All of the ad blocking extensions suck. There's no other way to put it. Basically, they all allow the ads to load, and then they remove them after the fact. This allows onload actions in ads to work, which makes the ad blocking far less effective. I've been seeing a lot of ads since switching, despite using the same filter list.

Seemingly every extension adds a button to the location bar. This wastes an inordinate amount of space.

The Xmarks extension doesn't work well if you have bookmarks with keywords. First, Chrome doesn't support keywords; it has an equivalent feature with it's "Search Engines", but Xmarks doesn't sync keyword bookmarks to there. More importantly, though, it will delete some of your keyword bookmarks. (Also, there are no tags for bookmarks, which I find that I was using more extensively in Firefox than I thought.)

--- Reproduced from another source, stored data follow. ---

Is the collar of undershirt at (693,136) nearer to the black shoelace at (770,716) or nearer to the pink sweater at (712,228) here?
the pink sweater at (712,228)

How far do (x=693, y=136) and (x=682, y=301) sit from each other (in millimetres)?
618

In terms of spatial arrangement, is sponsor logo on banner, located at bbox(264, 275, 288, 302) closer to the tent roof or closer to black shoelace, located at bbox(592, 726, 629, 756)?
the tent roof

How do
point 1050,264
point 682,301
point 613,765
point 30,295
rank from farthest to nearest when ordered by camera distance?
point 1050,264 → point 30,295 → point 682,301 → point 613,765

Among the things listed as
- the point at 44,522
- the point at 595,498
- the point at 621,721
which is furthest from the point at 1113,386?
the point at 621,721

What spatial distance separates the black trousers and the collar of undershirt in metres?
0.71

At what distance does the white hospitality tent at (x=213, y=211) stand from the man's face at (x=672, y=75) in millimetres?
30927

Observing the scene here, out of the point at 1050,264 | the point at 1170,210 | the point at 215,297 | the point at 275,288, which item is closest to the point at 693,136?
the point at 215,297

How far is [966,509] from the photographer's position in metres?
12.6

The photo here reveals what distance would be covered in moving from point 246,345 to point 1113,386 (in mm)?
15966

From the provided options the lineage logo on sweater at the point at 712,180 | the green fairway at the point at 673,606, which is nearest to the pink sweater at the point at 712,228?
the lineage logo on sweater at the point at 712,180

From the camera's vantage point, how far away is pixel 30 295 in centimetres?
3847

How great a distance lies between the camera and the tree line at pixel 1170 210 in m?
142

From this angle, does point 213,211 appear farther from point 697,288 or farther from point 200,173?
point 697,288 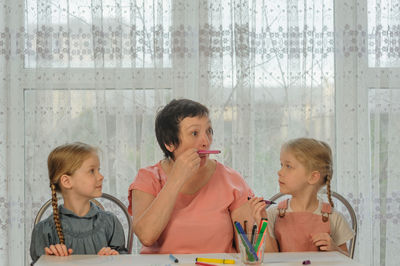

Searching for everything (that isn't immediately obviously a URL) by default is incredibly annoying, and while you can change the search vendor from the default of Google, there's no way to disable it altogether. I had to create a new "search engine" entry that just tries to load the page that I entered. And the error pages are lousy. They are extraordinarily minimal. (Try loading http://this.page.does.not.exist/.) Any details of the error (like "connection refused" or "host not found" or whatever) are, by default, hidden within a collapsed element, so you have to click on the error page to find out what went wrong. (You might argue that this is why search is turned on by default, but that doesn't work for non-public URLs.)

I'm sure there's more, but that's all that immediately comes to mind. That said, none of that has overcome its superior performance.
Posted by: hybrid8

Re: Which browser do you use? - 21/02/2010 20:42

I'm glad Safari ditched the tabs-on-top they used in the beta versions of 4. It's really a bad paradigm in use, even if it has some logic to it. Frankly, I don't hold much hope for Chrome in the browser wars. I don't think it's going to take away significant enough market from Firefox. I'm al for it if it helps eat away IE share, but that doesn't seem to be going down as fast as one would hope.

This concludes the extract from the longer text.